Willis also advocates for bringing trade skills classes to Richmond high schools by forming a partnership between the city, school district, and trade unions. "That way, high school graduates who don't feel college ready they have a pathway into the workforce," he said.
- Melvin Willis
But Willis' signature issues are affordable housing and renters' rights. He is banking on the passage of California Prop. 10, which would repeal Costa Hawkins, a state law that restricts rent control, so he can work to expand Richmond's rent control ordinance, which is already one of the most far-reaching in the state. "I also want to institute vacancy," Willis said, referring to a rule that would restrict the ability of landlords to raise rents on vacant units. "And I want to expand tenant protections so that we can have stable neighborhoods."
For his part, Butt has spearheaded numerous projects during his two-plus decades in office. Before winning the mayor's seat in 2014, he spent 19 years on the council, where he earned a reputation for being a good government official. He makes himself readily available to the public and never shies away from controversial or tough questions.

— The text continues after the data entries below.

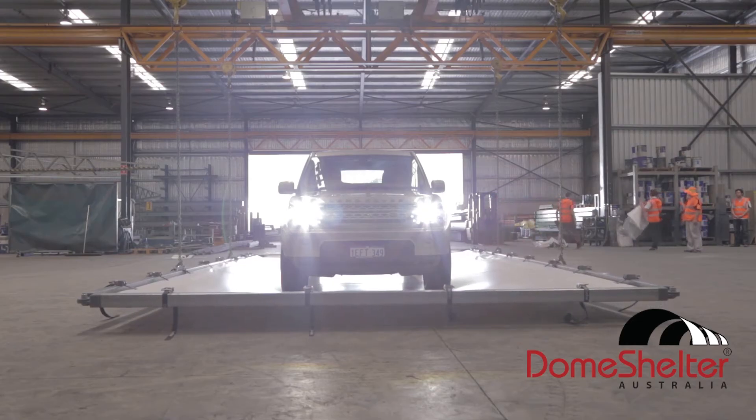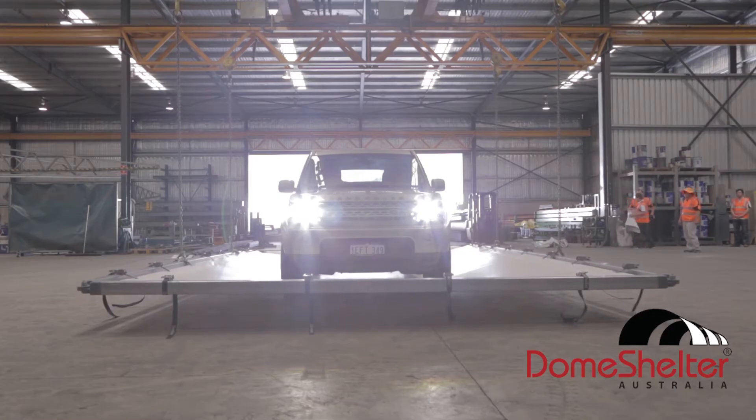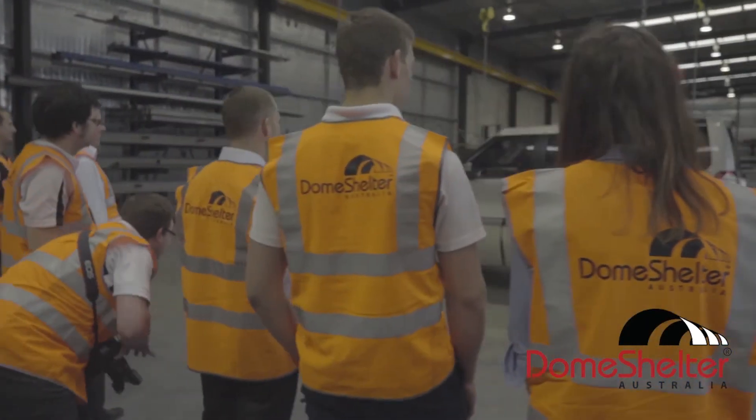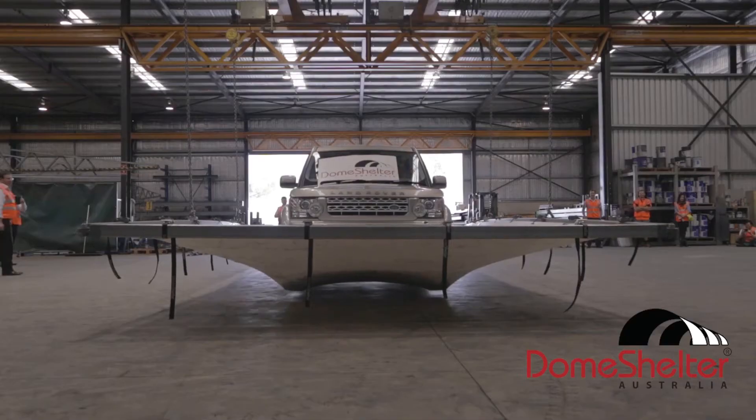You may have seen the durability video showing you how strong the material is, having to lift the 2.5-tonne Land Rover. Let me introduce you to another benefit of why companies around the world choose the iconic dome shelter solution.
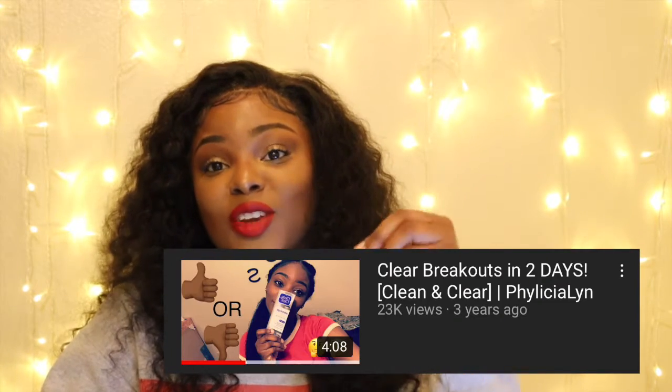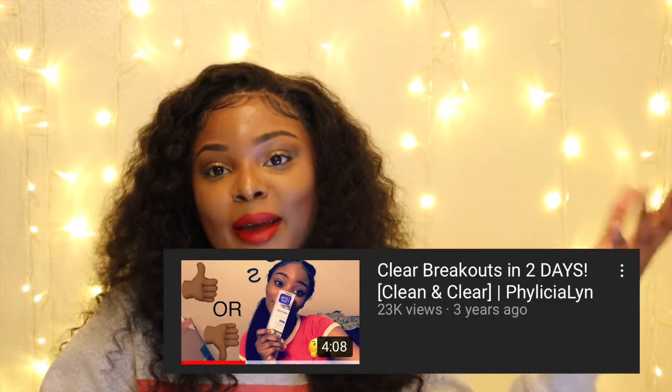Hi you guys, welcome back to my channel. I'm knocking out these videos for you guys. If you're on this video, you're probably wondering — I posted a video three years ago about clearing breakouts in two days because I had a breakthrough with this product right here. That video got 23,000 views and a lot of people had questions coming back to back, so I figured I'd just do another video. Now I'm more knowledgeable on what this really is and I have more to say.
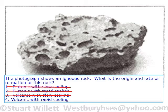Volcanic rocks don't cool slowly, so you can eliminate number 3. There are no volcanic rocks with slow cooling. You only have volcanic with rapid cooling. So the correct answer is number 4.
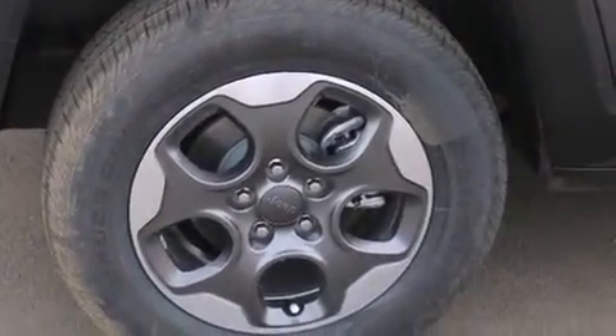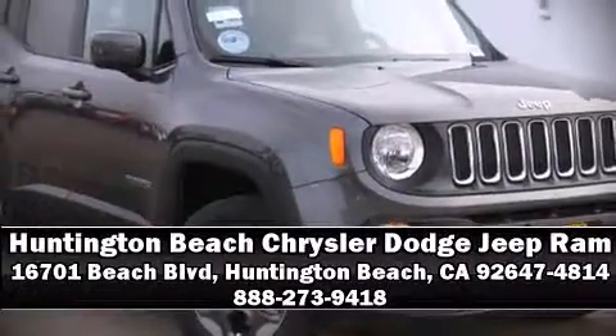Our knowledgeable sales staff is available to answer any questions that you might have. Call now to schedule a test drive.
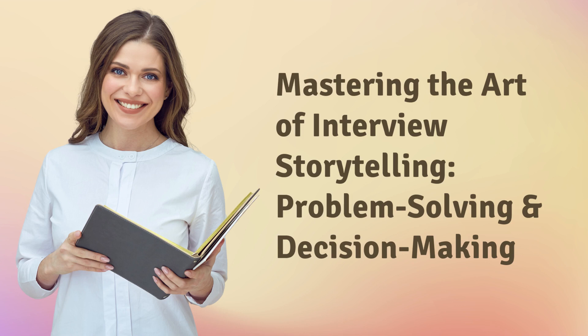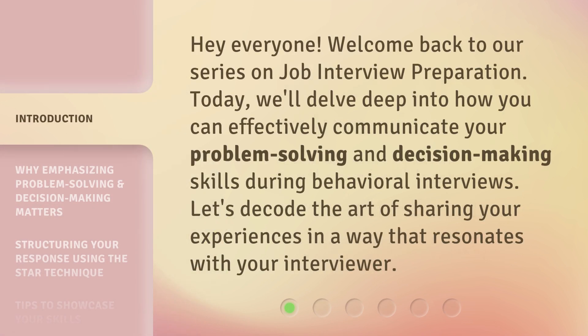Mastering the Art of Interview Storytelling: Problem-Solving and Decision-Making. Hey everyone, welcome back to our series on job interview preparation. Today we'll delve deep into how you can effectively communicate your problem-solving and decision-making skills during behavioral interviews. Let's decode the art of sharing your experiences in a way that resonates with your interviewer.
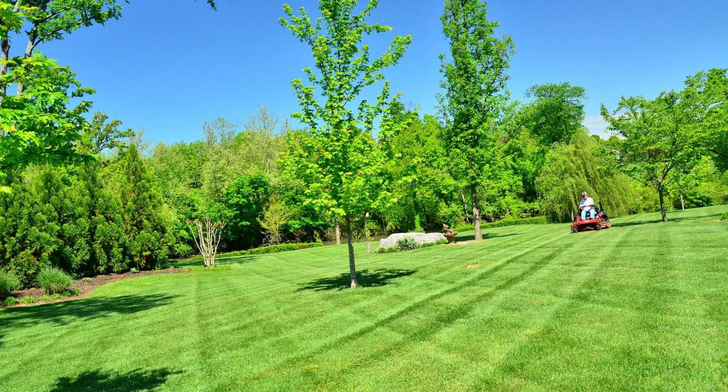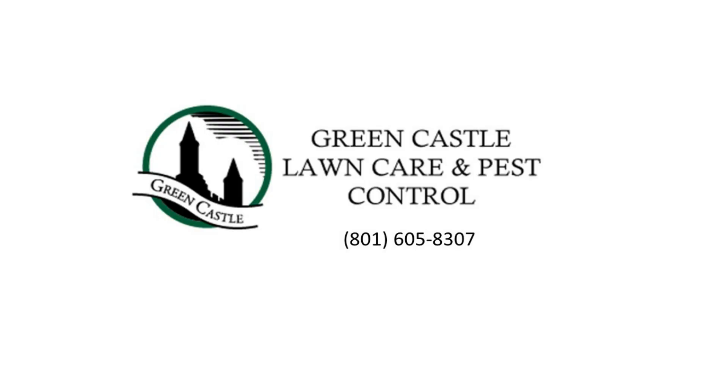Continue to water your lawn as needed, but reduce frequency as temperatures drop. Morning is the best time to water to prevent fungal issues. Mulch leaves with your mower as they provide valuable organic matter. Address weeds before they go to seed.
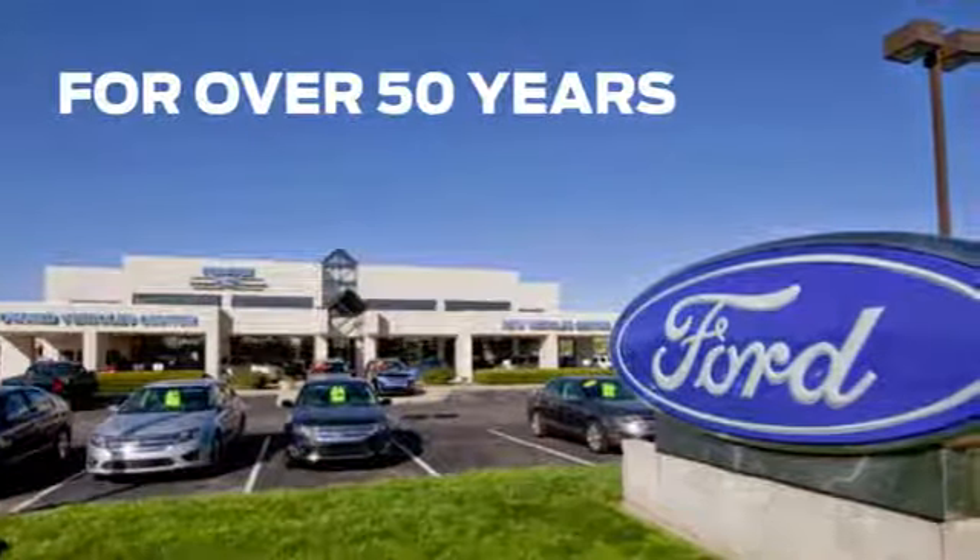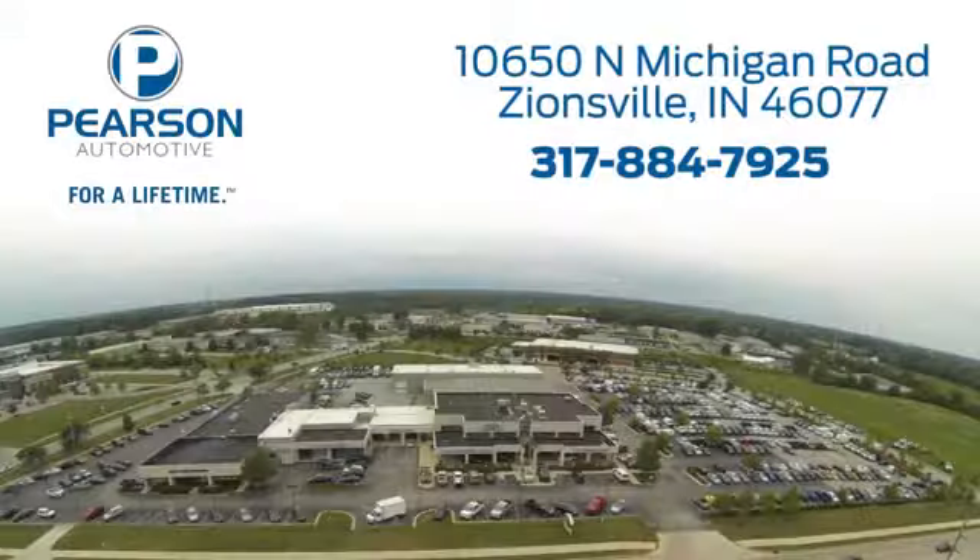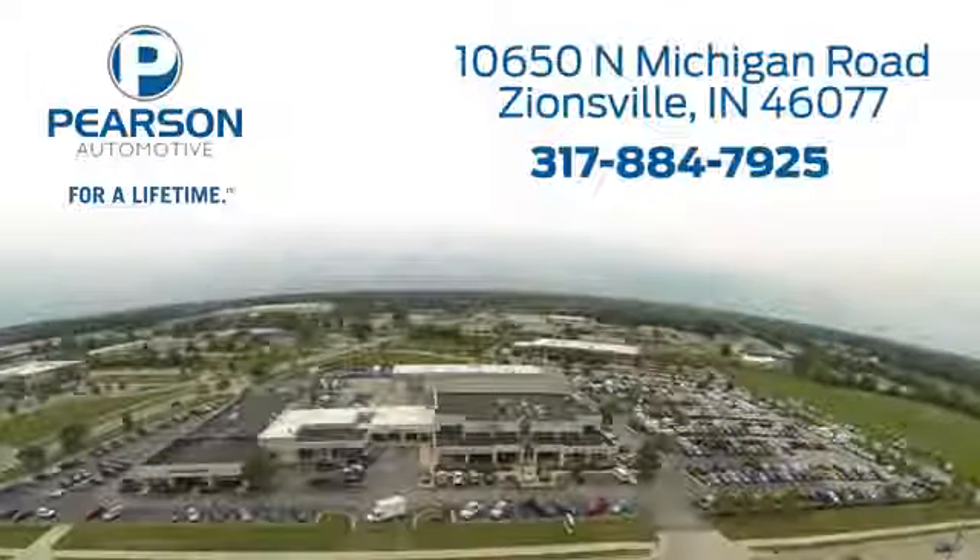Pearson Ford — for over 50 years we've continued to focus on providing a great experience for our customers. We're conveniently located at 10650 North Michigan Road in Zionsville.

Butt's E-Forum, which is regularly emailed to roughly 4,000 residents and dozens of media outlets, has been a powerful source of news and information for Richmond residents — especially during the decline of newspapers.
In his early years in City Hall, Butt was in the council's progressive minority. He was often the lone voice against Chevron's authoritative influence that held sway over the council for decades. In the 1990s, Butt organized, with a handful of other elected officials, to challenge Darrell Reese, a corrupt Richmond fire captain and union official who, like a Tammany Hall boss, controlled the city council through bullying and intimidation.